DEV Community

Cover image for How I Built an Automated JS/TS Repository Analyzer in C#
David Arno
David Arno

Posted on

How I Built an Automated JS/TS Repository Analyzer in C#

TL;DR

I built the JavaScript/TypeScript analysis engine for the Silverfish IDP — an Internal Developer Portal that automatically detects packaging tools, identifies component types, and extracts complete dependency graphs from repos. It handles monorepos, multiple lock file formats, and mixed JS/TS codebases—all without making assumptions about repo structure.

The Problem

At Silverfish Software, we're building an IDP that helps individual developers and engineering teams understand their entire codebase. But when you have hundreds of repositories spanning multiple languages, frameworks, and tools, how do you automatically make sense of it all?

For JavaScript and TypeScript repos specifically, the challenge is significant: every repo is different. Some use Yarn, others npm or pnpm. Some have monorepos with nested package.json files. Some mix JavaScript and TypeScript. Some have multiple lock files checked in (a real mess). And some don't have lock files at all.

I needed an analyzer that could handle all these cases automatically, with no manual configuration. No "please tell us which package manager you use" questions. Just point it at a repo and get back structured metadata about components, dependencies, and versions.

Step 1: Detect the Packaging Tool
The naive approach: Check if yarn.lock exists → use Yarn. Check if package-lock.json exists → use npm.

Reality is messier:

// Priority order matters
1. Check packageManager field in package.json ("yarn@4.1.0")
2. Look for lock files (yarn.lock, pnpm-lock.yaml, package-lock.json, bun.lock)
3. Check config files (.yarnrc.yml, pnpm-workspace.yaml)
4. Default to npm

Enter fullscreen mode Exit fullscreen mode

The packageManager field was the key insight—it's set by corepack and is the source of truth. If it says Yarn, it's Yarn, even if npm somehow created a lock file too.
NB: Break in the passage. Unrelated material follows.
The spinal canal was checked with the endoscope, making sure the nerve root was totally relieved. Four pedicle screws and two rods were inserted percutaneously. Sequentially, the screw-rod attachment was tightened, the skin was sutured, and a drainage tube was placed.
I also had to handle conflicts: I found real repos with both yarn.lock and package-lock.json checked in. My solution? Detect all of them, report the conflict, and parse only the highest-priority one.

public static async Task<PackagingToolDetectionResult> DetectAsync(
    IReadOnlyCollection<string> repoPaths,
    Func<string, Task<string?>> readFileContentAsync)
{
    // 1. Check packageManager field first
    var fromPackageManager = await TryDetectFromPackageManagerFieldAsync(...);
    if (fromPackageManager is not null) return fromPackageManager;

    // 2. Check lock files
    var fromLockFile = TryDetectFromLockFiles(...);
    if (fromLockFile is not null) return ...;

    // 3. Check config files
    var fromConfigFile = TryDetectFromConfigFiles(...);
    if (fromConfigFile is not null) return ...;

    // 4. Default to npm
    return new(PackagingTool.Npm, true);
}
Enter fullscreen mode Exit fullscreen mode

Result: (PackagingTool.Yarn, LockFileNeedsGenerating: false) or similar.
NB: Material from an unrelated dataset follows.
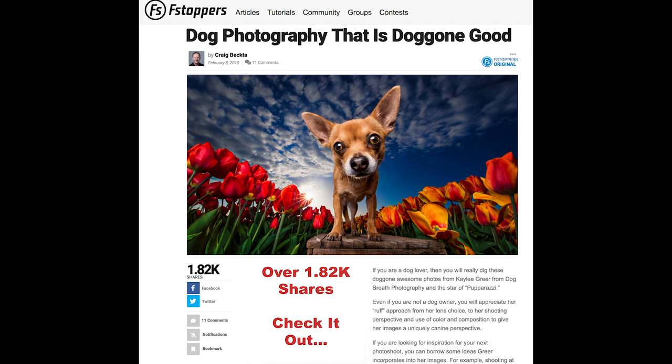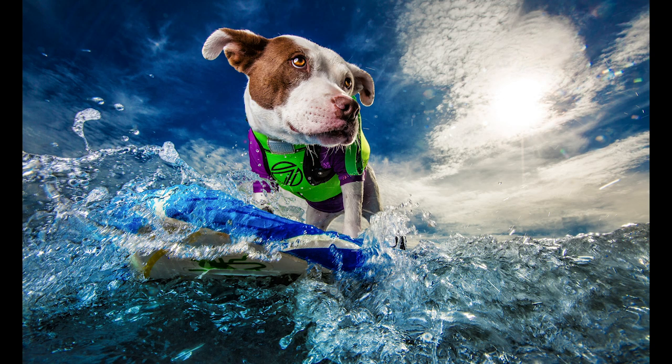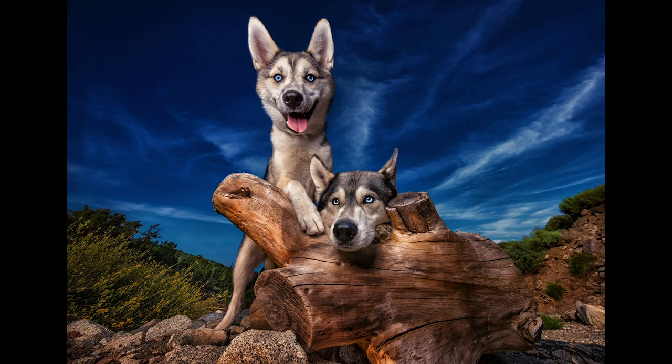If you haven't seen the show, I'll put a link to it in the description box below this video. I'll also put a link to an article I wrote for F-Stoppers below as well. So make sure you check out her work, even if you're not into dog photography. There are some interesting perspectives — her use of wide-angle lenses and flash in an environment that's probably not that familiar with using flash for dog photography outdoors on location.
Step 2: Identify Components and Their Type
Each package.json is a component. But what kind? And what does it do?

I classified each one into: Package (published to npm), Library (internal or private), and determined usage: Frontend, Backend, Fullstack, or Unknown.

The key was looking at dependencies:

static readonly HashSet<string> FrontendSignals = new() 
{ 
    "react", "vue", "@angular/core", "svelte", "react-router", "redux", ...
};

static readonly HashSet<string> BackendSignals = new()
{
    "express", "koa", "mongoose", "pg", "apollo-server", "prisma", ...
};

// If a package depends on react + express = fullstack
// If only react = frontend
// If only express = backend
Enter fullscreen mode Exit fullscreen mode

I also extracted language info:

// Pure JS? Check for no TypeScript signals
// TypeScript? Look for typescript pkg + @types/*
// Mixed? Has flow-bin + typescript OR tsconfig.json's allowJs = true
Enter fullscreen mode Exit fullscreen mode

And pulled in version constraints:

// Node version: from engines.node in package.json or .nvmrc file
// TS version: from devDependencies
// ECMAScript target: from tsconfig.json compilerOptions
Enter fullscreen mode Exit fullscreen mode

Result: A JsComponent record with all metadata attached—used by Silverfish's dashboard to display component details instantly.

Step 3: Parse Lock Files (The Hard Part)
This was the gnarly part. Four different formats, each with quirks.

Yarn Lock (v1 Classic)
Looks like TOML with nested dependency lists:

"@pkgjs/parseargs@^0.11.0":
  version "0.11.0"
  resolved "https://registry.npmjs.org/..."
  dependencies:
    package-json "^6.0.0"
Enter fullscreen mode Exit fullscreen mode

I wrote a line-by-line parser. The trick: track indentation to know when you're inside a package block vs. dependency list.

npm package-lock.json
Flat JSON structure (v2/v3):

{
  "packages": {
    "node_modules/lodash": {
      "version": "4.17.21",
      "dependencies": { ... }
    }
  }
}
Enter fullscreen mode Exit fullscreen mode

Easier to parse with JsonDocument, but the key names have node_modules/ prefixes that need stripping.

pnpm-lock.yaml
YAML with name@version keys:

packages:
  /lodash/4.17.21:
    version: 4.17.21
    dependencies:
      react: 18.2.0
Enter fullscreen mode Exit fullscreen mode

I treated this as mostly line-based text parsing since I didn't want to add a full YAML dependency. Works for the common cases.

Bun Lock
JSONC format with array-based entries. Least common, so I parse it but mark binary bun.lockb files as unparseable.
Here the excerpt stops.